In addition, NOx sensors are required for new NOx remediation technologies such as
selective catalytic reduction (SCR) utilizing hydrocarbon (HC) and urea injection. These sensors
should be operative at T ~600 oC (thus avoiding the prospect of the sensor being a "cold
finger" in the exhaust stream), able to measure [NOx] in the range ~1 ppmV to ~1500
ppmV, and be relatively insensitive to varying O2 concentrations in the exhaust stream.
"NOx" refers to mixtures of nitrogen monoxide (NO) and nitrogen dioxide (NO2). NO2
dominates at lower temperatures and higher O2 concentrations but NO is the dominant
species at higher temperatures and in O2-poor environments. Due to this equilibrium
between the mono- and dioxides of nitrogen, complete [NOx] characterization of exhausts
will require two of three concentrations to be accurately measured; [NO], [NO2], [NOx]
(=[NO] + [NO2]).

Objective:

This project seeks to develop NOx sensing elements able to operate at ~600 oC. The initial
focus has been on planar sensing elements that do not require a reference electrode. An
immediate goal is to develop sensing electrode materials sensitive to NO and/or "total NOx"
[NOx] with minimal [O2] sensitivity.

Approach:

Both "mixed-potential" and "biased" approaches are being evaluated. For both approaches,
the sensing elements consist of screen-printed co-planar electrodes on an oxygen-ion
conducting (YSZ) substrate.
Sensing element characterization is carried out with an automated test stand capable of
operation up to 800 oC. Gas concentrations are usually 7 vol% ≤ [O2] ≤ 20 vol% and 20
ppmV ≤ [NOx] ≤ 1500 ppmV, with the balance being N2. The ability to test cross-sensitivity
to interfering gas species (e.g., CO, CxHy) is available.

Results:

Evaluation of "mixed-potential" sensing elements typically indicates that the response to NO
is weaker and opposite in sign to that for NO2. Strong oxygen dependence of the NO2 response
is also often observed.

"Biasing" enables adjustment of the sign and magnitude of the NOx responses.

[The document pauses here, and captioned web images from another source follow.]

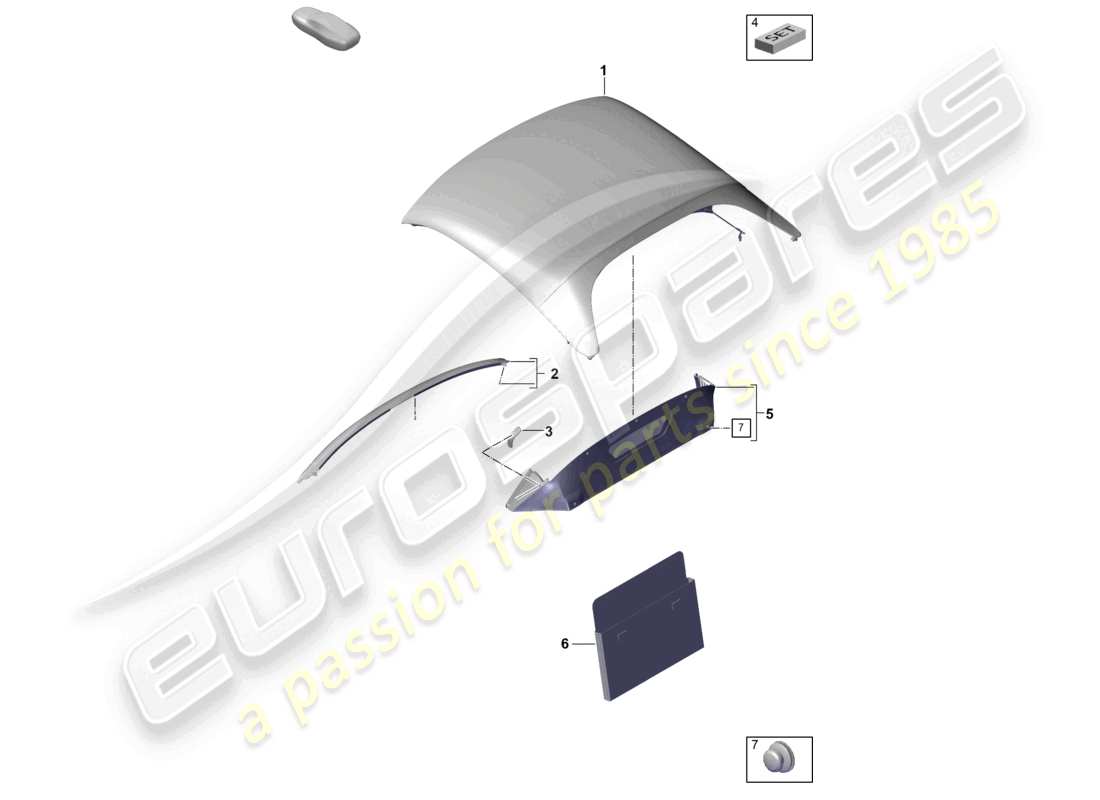 porsche 2019 (718 boxster spyder) couvercle - cloison étanche supérieure schéma des pièces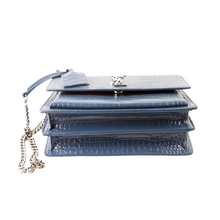 Load image into Gallery viewer, Yves Saint Laurent Sunset Medium Crocodile Embossed Leather Shoulder Bag Blue

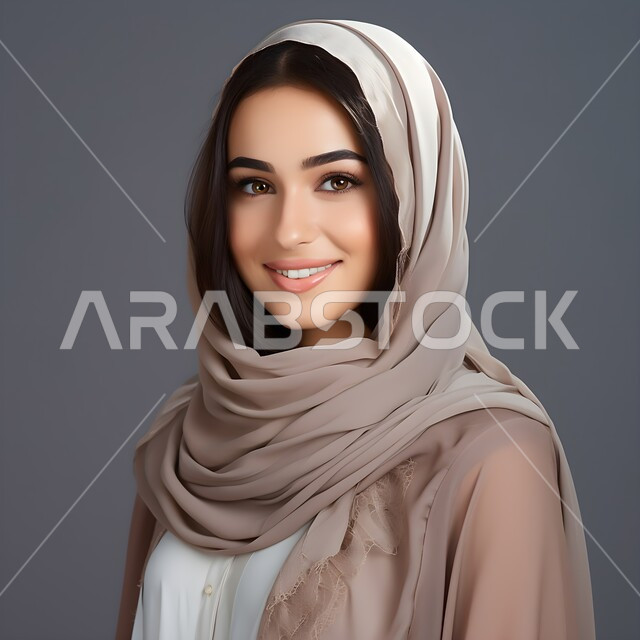 النظر الى الكاميرا بايماءات السرور، صورة شخصية للوثائق الرسمية، مفهوم الاناقة و الأنوثة والاهتمام بالمظهر الخارجي، بورتريه مقرب لامرأة عربية خليجية سعودية مبتسمة محجبة  تقف باستقامة وثقة بالنفس، خلفية رمادية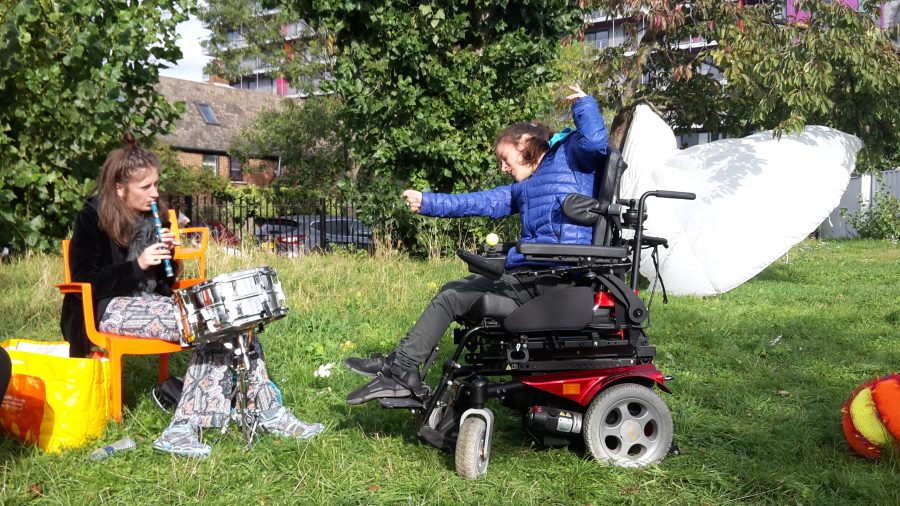 woman in wheelchair in garden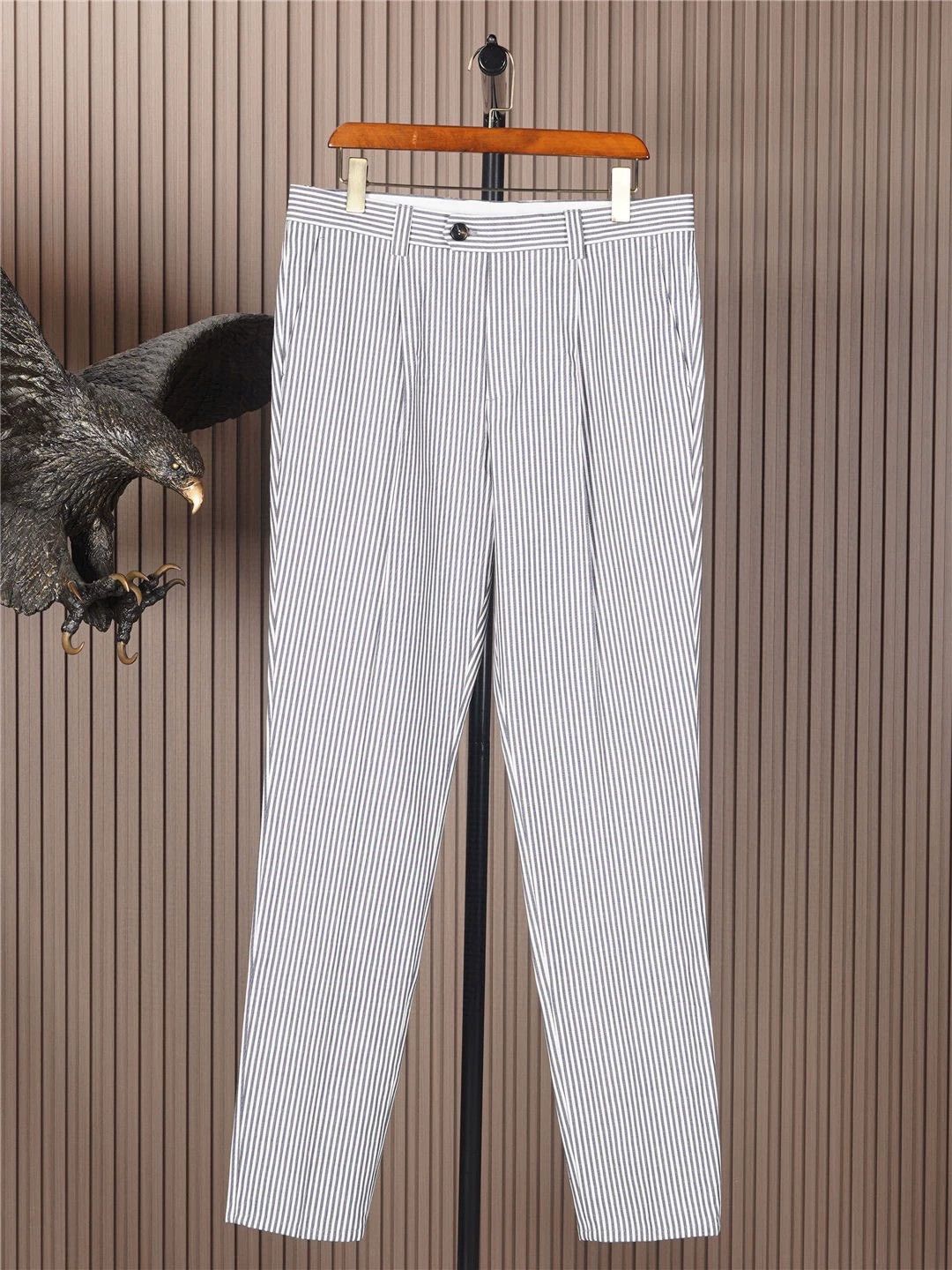 Brunello Cucinelli Brunello Cucinelli Blue White Stripe Casual Pants - dmc Size US 31 - 1 Thumbnail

Minimal [O2] sensitivity at 600 oC achieved with both voltage (V) and current (I) biasing.

Summary:

Prototype NOx sensing elements have been fabricated and characterized. Investigations indicate
that "biasing" is a promising technique for both "NO selective" and "total NOx" sensing.
Future work will be targeted towards minimizing response and recovery times, decreasing the
O2 sensitivity, characterization of selectivity and cross-sensitivity, and determination of long-term
sensing element stability. Avenues for exploration include electrode composition and processing
as well as sensing element geometry.